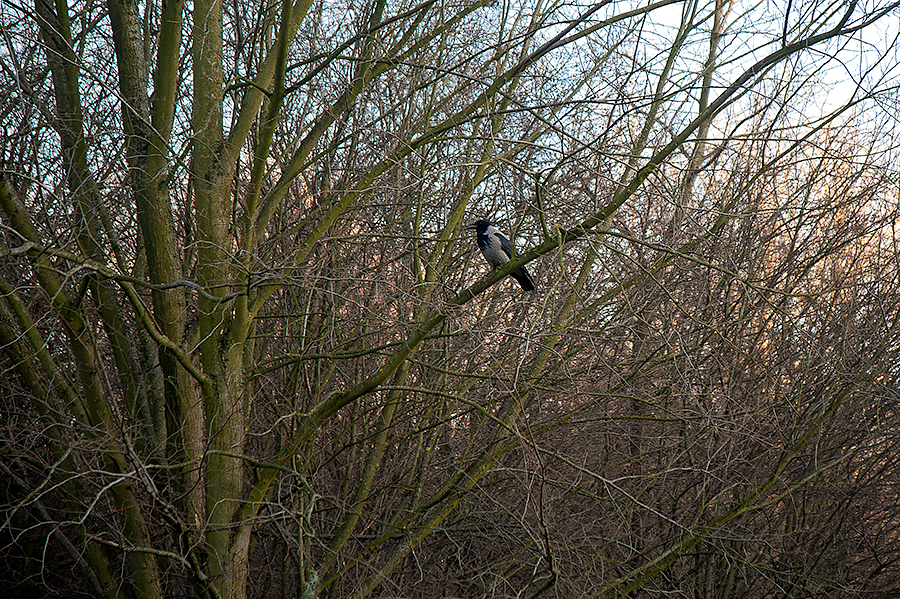 The Hooded Crow In The Woods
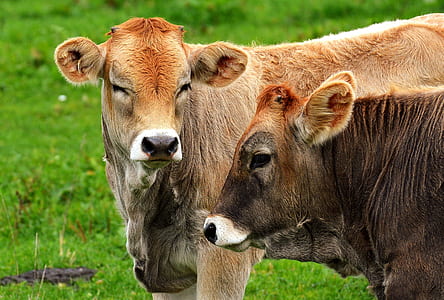 two brow cows standing on green grass thumbnail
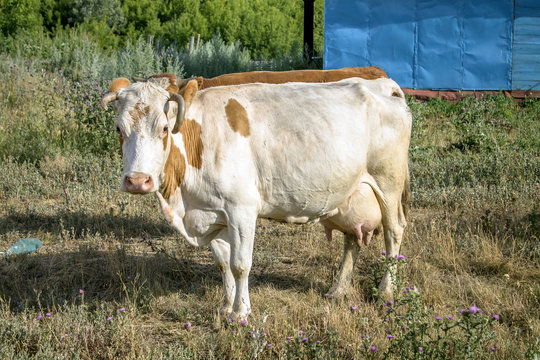 White cow with red spots.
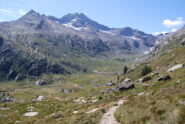 Sul sentiero 12 si entra nel Vallone di Bardoney 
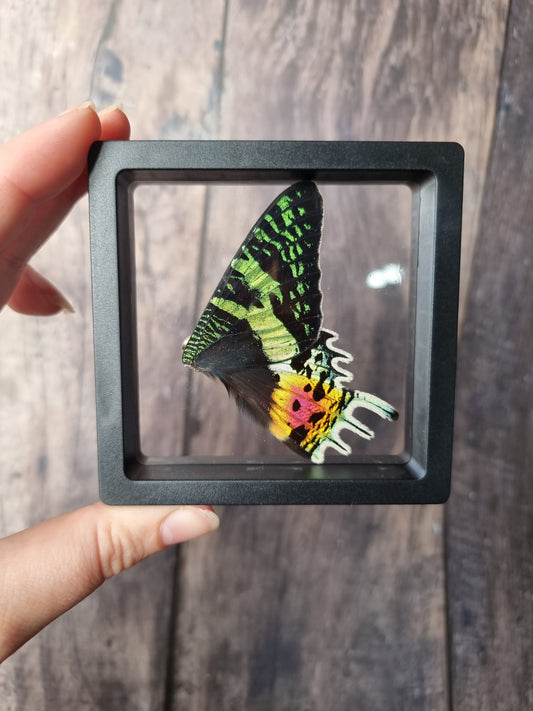 Madagascan Sunset Moth Double Wing Floating Frame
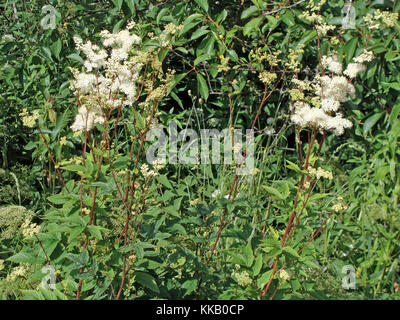 Wild fioritura pianta perenne Filipendula ulmaria noto come olmaria o mead wort cresce sui prati di dump close up Foto Stock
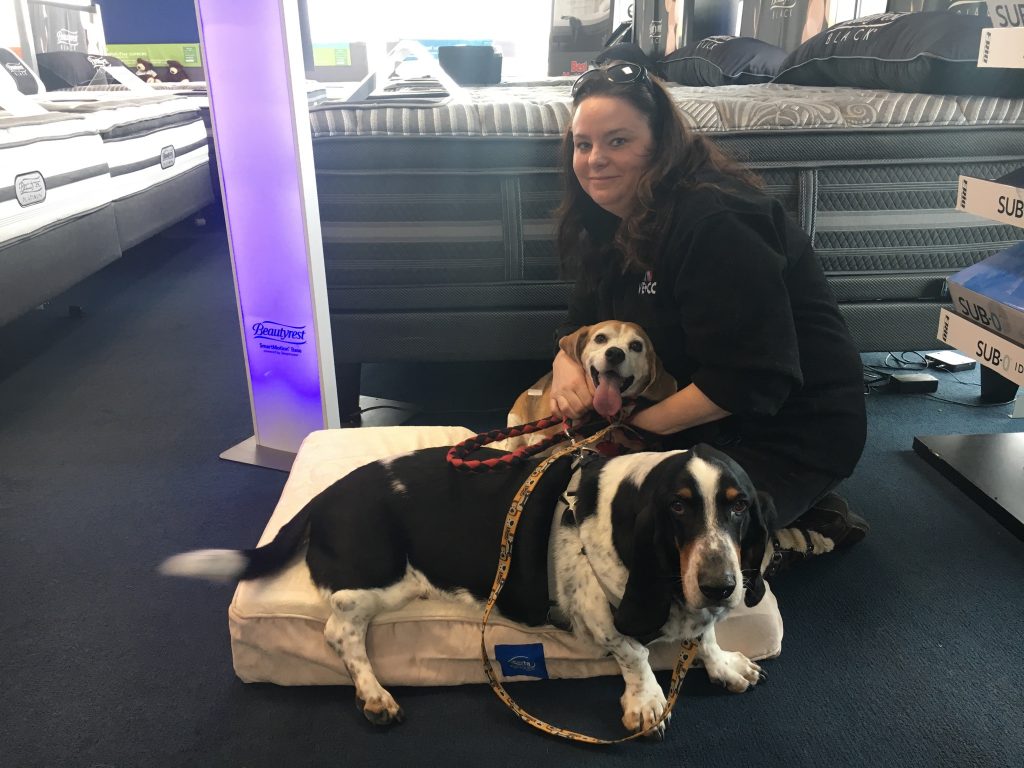 Conan the Beagle adopted by his Hu-MOM Kathy. They came to best mattress in las vegas to get a free pet bed because they adpoted through the NSPCA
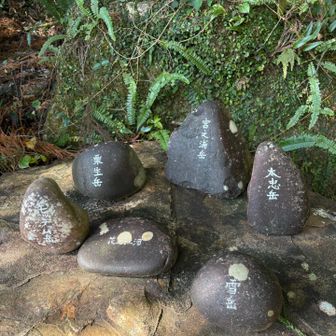 午後は太忠岳へ😊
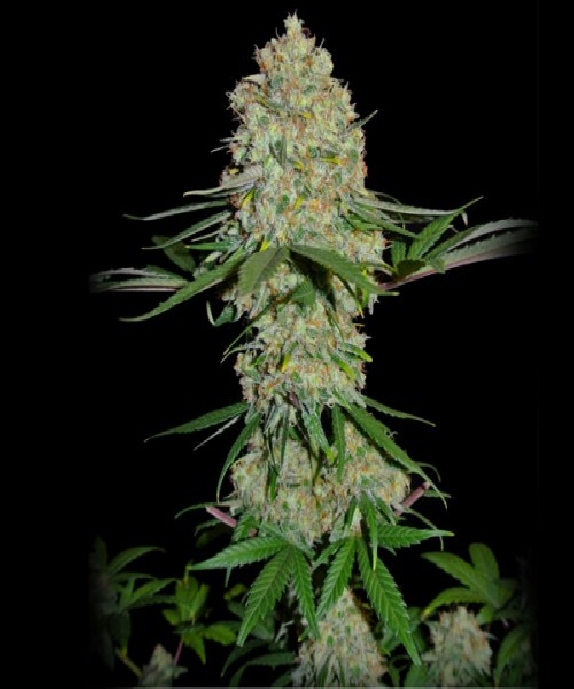 Silver Buddha Haze Cannabis Seeds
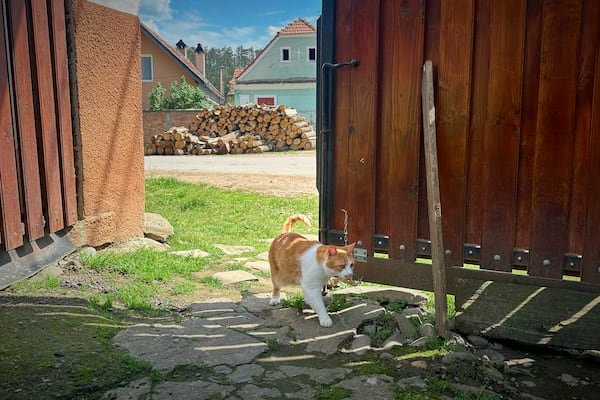 The three-legged cat of Zoica Roth, 83, walks to her home in the village of Saschiz, in Romania's central Transylvania region, Friday, April 25, 2025. (AP Photo/Stephen McGrath)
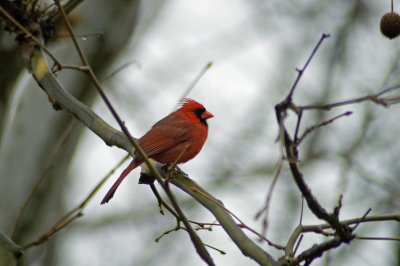 Male Virginia Cardinal - (rain)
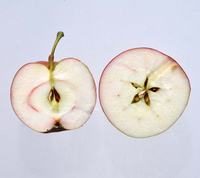 July Red Apple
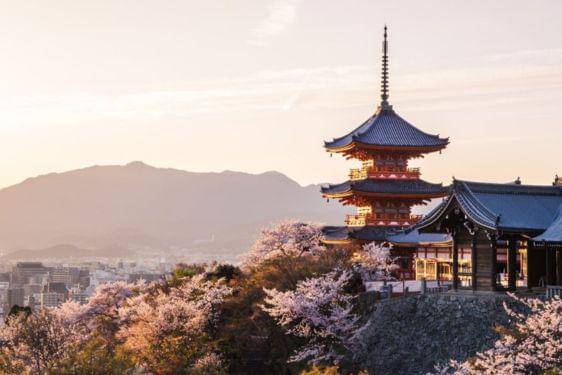 Itinerary Jepang 7 Hari 6 Malam, Jelajahi Tokyo hingga Kyoto 5.jpg
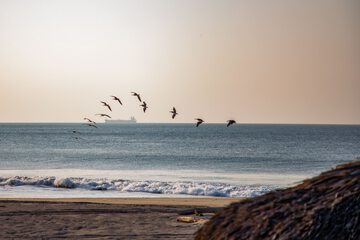Beach/ocean view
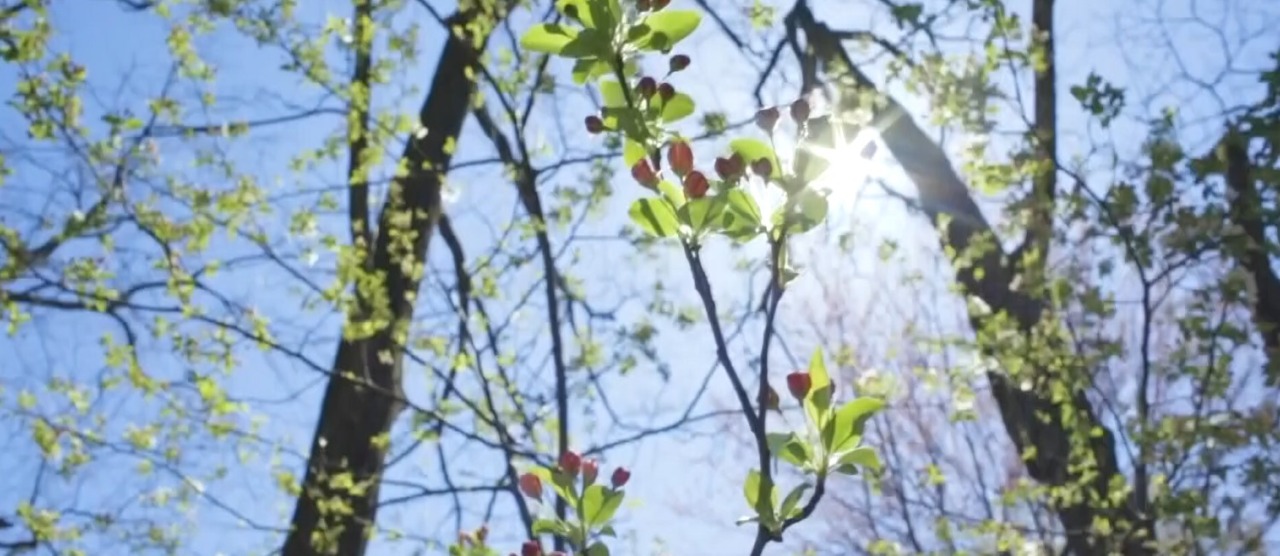 Temperature oltre la media, attenzione a nebbie e valanghe in alta quota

---

▶ WHAT THE EXERCISE ASKS:
Quote only what lies between the first line of the records and the line containing "Madagascan Sunset Moth", please, including both lines and excluding images.

▶ EXERCISE OUTPUT:
 The Hooded Crow In The Woods
 two brow cows standing on green grass thumbnail
 White cow with red spots.
 Sul sentiero 12 si entra nel Vallone di Bardoney 
 Madagascan Sunset Moth Double Wing Floating Frame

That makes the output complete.